Solution #2: Every time there would be a request to a certain actor that would change it's state, the actor will, after processing the request, broadcast information about the change to all other actors of the same type whom would change their state according to the info send by the original actor. This seems very inefficient and rather clumsy.
Solution #3: Having a certain node serve as sort of a state node, in which there would be actors that represent the state of the entire server. Any other actor, except the actors in such node would have no state and would ask actors in the "state node" everytime they would need some data. This seems also inefficient and kinda fault-nonproof.
So there you have it.

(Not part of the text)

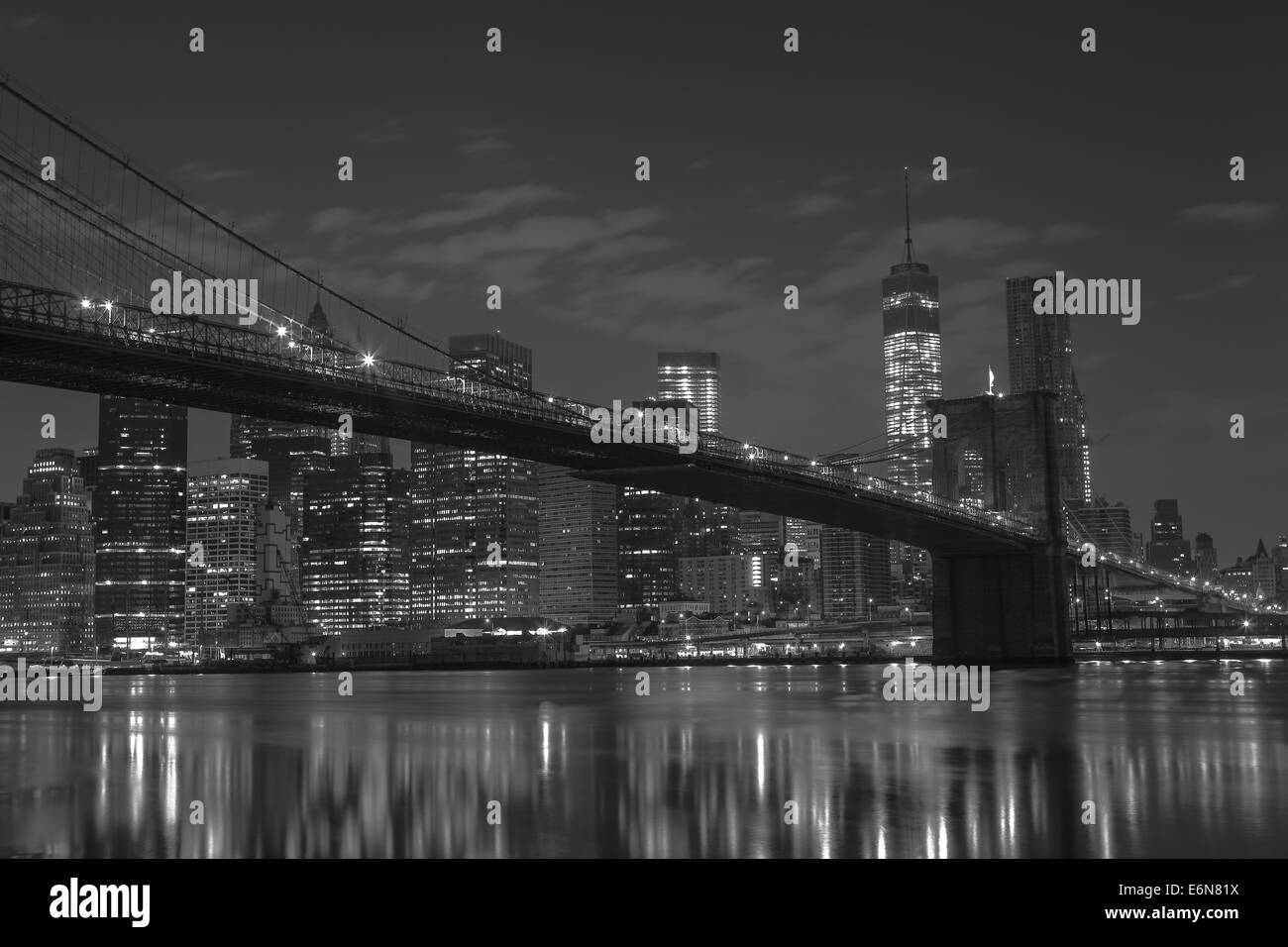 Sull'isola di Manhattan e Brooklyn Bridge nella notte estiva a New York. La foto è stata ripresa da Brooklyn di lato. Foto Stock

Only solution i actually like is the first one, but like i said, it probably works in only very limited subset of problems (when state can be broken into redis structures). Any response from more experienced gurus would be very appriciated.
Regards, Tomas Herman
Solution #1 could possibly be slow. Also, it is a bottleneck and a single point of failure (meaning the application stops working if the node with the database fails). Solution #3 has similar problems.
Solution #2 is less trivial than it seems. First, it is a single point of failure. Second, there are no atomicity or other ordering guarantees (such as regularity) for reads or writes, unless you do a total order broadcast (which is more expensive than a regular broadcast). In fact, most distributed register algorithms will do broadcasts under-the-hood, so, while inefficient, it may be necessary.
From what you've described, you need atomicity for your distributed register. What do I mean by atomicity? Atomicity means that any read or write in a sequence of concurrent reads and writes appears as if it occurs in single point in time.
Informally, in the Solution #2 with a single actor holding a register, this guarantees that if 2 subsequent writes W1 and then W2 to the register occur (meaning 2 broadcasts), then no other actor reading the values from the register will read them in the order different than first W1 and then W2 (it's actually more involved than that). If you go through a couple of examples of subsequent broadcasts where messages arrive to destination at different points in time, you will see that such an ordering property isn't guaranteed at all.
If ordering guarantees or atomicity aren't an issue, some sort of a gossip-based algorithm might do the trick to slowly propagate changes to all the nodes. This probably wouldn't be very helpful in your example.
If you want fully fault-tolerant and atomic, I recommend you to read this book on reliable distributed programming by Rachid Guerraoui and Luís Rodrigues, or the parts related to distributed register abstractions. These algorithms are built on top of a message passing communication layer and maintain a distributed register supporting read and write operations. You can use such an algorithm to store distributed state information. However, they aren't applicable to thousands of nodes or large clusters because they do not scale, typically having complexity polynomial in the number of nodes.
On the other hand, you may not need to have the state of the distributed register replicated across all of the nodes - replicating it across a subset of your nodes (instead of just one node) and accessing those to read or write from it, providing a certain level of fault-tolerance (only if the entire subset of nodes fails, will the register information be lost). You can possibly adapt the algorithms in the book to serve this purpose.